Este domingo es de grandes emociones: el profeta Jeremías (Jer 31, 31-34) habla de una ley metida en el corazón; y el corazón es tradicionalmente reconocido como la cuna de todos los sentimientos. El salmista (Sal 50) habla de un corazón puro, borrado de culpa alguna, lavado de delitos y limpiado de pecados. El autor de la carta a los hebreos (Heb 5, 7-9) habla de un Cristo que grita con lágrimas en los ojos; y el evangelista (Jn 12, 20-33) habla de la inminente hora de la glorificación de Jesucristo. Por si fuera poco, la oración colecta conjuga maravillosamente el vivir y el actuar con el amor. Son tantas emociones positivas juntas que hasta podrían parecer fuera de sintonía con la tradicional austeridad cuaresmal.
Del profeta Jeremías se suele señalar que es uno de los hombres más emotivos o sentimentales de la Sagrada Escritura. El texto que nos atañe sugiere la necesidad de una relación del pueblo con su Dios desde la novedad de una alianza que estará en el corazón. Todos, desde el más pequeño hasta el más anciano, conocerán al Señor no desde la palabra trasmitida sino desde la vida misma; no desde las faltas a la ley, sino desde la experiencia del Dios que perdona. Una experiencia de perdón desde el corazón es lo que también canta el salmista. El lavar, el limpiar y el borrar las culpas se da porque el Señor es uno de inmensa compasión, porque el Señor no desprecia corazones quebrantados y humillados. Corazones que reconocen que han faltado a la ley, pero que no se duelen por la ley misma, sino por la ofensa a quien da la ley. Los gritos de súplica y las lágrimas en los ojos de Cristo el Señor para aprender la obediencia resultan fascinantes desde la carga de emociones en los textos de esta celebración. Ese Cristo-hombre que llora la ingratitud de Jerusalén (cfr Lc 19, 41-44), ese Cristo-Dios que rescata los hijos dispersos de Israel. Ese Cristo que humanamente llora la muerte de Lázaro, ese Cristo que siendo Dios lo sacó del sepulcro (cfr. Jn 11, 35). Ese Cristo-hombre que lloró y sudó gotas de sangre, ese Cristo-Dios cuyo impulso determinante para la entrega fue el amor. Ese mismo Cristo Dios y Hombre verdadero que es glorificado y será vuelto a glorificar atraerá a todos hacia Él.
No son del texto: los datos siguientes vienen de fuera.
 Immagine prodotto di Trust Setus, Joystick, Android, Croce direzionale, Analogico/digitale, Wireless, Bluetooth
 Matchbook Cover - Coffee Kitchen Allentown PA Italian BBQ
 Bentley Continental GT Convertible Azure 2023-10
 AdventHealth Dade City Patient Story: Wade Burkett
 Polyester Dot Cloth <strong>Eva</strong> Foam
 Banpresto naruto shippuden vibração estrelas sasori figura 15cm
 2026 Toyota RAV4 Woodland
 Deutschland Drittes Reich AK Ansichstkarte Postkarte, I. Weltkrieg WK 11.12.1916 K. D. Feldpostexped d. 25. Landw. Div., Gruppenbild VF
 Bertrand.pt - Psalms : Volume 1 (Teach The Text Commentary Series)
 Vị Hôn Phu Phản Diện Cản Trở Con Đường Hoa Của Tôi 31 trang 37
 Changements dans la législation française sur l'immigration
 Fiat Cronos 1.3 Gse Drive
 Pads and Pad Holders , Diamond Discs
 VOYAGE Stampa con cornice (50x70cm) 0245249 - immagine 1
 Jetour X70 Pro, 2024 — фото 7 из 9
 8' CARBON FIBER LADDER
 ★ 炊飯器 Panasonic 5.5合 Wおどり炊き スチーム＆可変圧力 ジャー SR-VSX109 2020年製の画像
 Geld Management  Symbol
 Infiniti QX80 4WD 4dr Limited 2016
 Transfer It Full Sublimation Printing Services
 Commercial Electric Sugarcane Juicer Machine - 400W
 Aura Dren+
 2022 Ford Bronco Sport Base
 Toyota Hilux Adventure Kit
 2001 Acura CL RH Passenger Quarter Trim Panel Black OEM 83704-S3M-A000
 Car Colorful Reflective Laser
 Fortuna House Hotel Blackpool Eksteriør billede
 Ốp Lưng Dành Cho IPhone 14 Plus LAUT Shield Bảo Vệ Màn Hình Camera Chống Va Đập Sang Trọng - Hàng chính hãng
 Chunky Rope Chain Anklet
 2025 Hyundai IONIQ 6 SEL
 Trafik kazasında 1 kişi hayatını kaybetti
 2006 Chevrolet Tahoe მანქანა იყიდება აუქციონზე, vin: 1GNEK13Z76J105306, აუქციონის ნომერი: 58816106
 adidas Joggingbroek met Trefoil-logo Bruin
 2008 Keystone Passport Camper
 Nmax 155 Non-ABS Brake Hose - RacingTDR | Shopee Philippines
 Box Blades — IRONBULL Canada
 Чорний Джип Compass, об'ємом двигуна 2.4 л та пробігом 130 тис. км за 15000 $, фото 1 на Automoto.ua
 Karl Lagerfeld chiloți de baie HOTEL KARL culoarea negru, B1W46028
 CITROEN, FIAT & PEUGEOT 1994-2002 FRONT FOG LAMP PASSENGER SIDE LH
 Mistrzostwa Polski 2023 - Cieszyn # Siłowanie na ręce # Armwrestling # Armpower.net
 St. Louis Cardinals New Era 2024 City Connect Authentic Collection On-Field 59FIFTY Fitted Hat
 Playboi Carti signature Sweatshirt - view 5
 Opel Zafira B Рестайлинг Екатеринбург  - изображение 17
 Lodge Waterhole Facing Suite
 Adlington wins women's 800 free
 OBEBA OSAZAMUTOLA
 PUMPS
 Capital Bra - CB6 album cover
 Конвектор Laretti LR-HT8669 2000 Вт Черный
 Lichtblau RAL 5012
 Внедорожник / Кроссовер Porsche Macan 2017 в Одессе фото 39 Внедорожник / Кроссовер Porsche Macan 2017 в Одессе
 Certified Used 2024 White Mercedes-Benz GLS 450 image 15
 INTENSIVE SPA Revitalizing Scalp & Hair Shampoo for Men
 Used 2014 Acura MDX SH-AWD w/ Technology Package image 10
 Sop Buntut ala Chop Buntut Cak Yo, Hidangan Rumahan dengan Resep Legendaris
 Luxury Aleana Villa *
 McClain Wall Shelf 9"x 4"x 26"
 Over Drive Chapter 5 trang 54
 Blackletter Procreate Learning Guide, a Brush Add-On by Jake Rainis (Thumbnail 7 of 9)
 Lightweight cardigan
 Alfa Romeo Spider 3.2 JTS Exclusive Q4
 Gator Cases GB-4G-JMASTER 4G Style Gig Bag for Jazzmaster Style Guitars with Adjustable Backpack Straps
En ocasiones las formas de vivir la Cuaresma podrían estar necesitadas de ajustar el enfoque correcto; se podría estar enfocando demasiado la grandeza de las equivocaciones, lo sucio o indecente de los pecados y hasta en lo obsceno de las culpas. Pareciera que se trata de caminar “vía crucis” arriba y abajo por las calles de nuestras comunidades con ciertas caras aletargadas; que se trata de un tiempo de poner nuestras conciencias a latigar una y otra vez nuestros corazones; de caminar la Cuaresma como si no hubiese Pascua (cfr. Evangelii Gaudium 6). Sin embargo, estos 40 días deberían convertirse en un espacio para el gozo del perdón, en un alegre escenario cuya presentación no se llamase “pecado”, se llamase “piedad”; no se llamase “culpa” se llamase “compasión”; no se llamase “pena” se llamase “amor”. Un escenario donde el protagonista no somos los arrepentidos humanos, sino que sigue siendo el mismo misericordioso Hijo de Dios. El único capaz de borrar con gozo: “Hijo tus pecados están perdonados, levántate y vete a tu casa” (cfr Mt 9, 2-7). El único capaz de lavar con alegría: Y habiendo amado a los suyos hasta el extremo… se puso a lavarles los pies (cfr Jn 13, 1.5). El único capaz de limpiar haciendo fiesta: “Pónganle un vestido limpio; es necesario hacer fiesta porque este hijo mío estaba muerto y ha vuelto a la vida” (cfr Lc 15, 22.32). Ese que borra, que lava y que limpia es glorificado y vuelto a glorificar… ¡qué emocionante!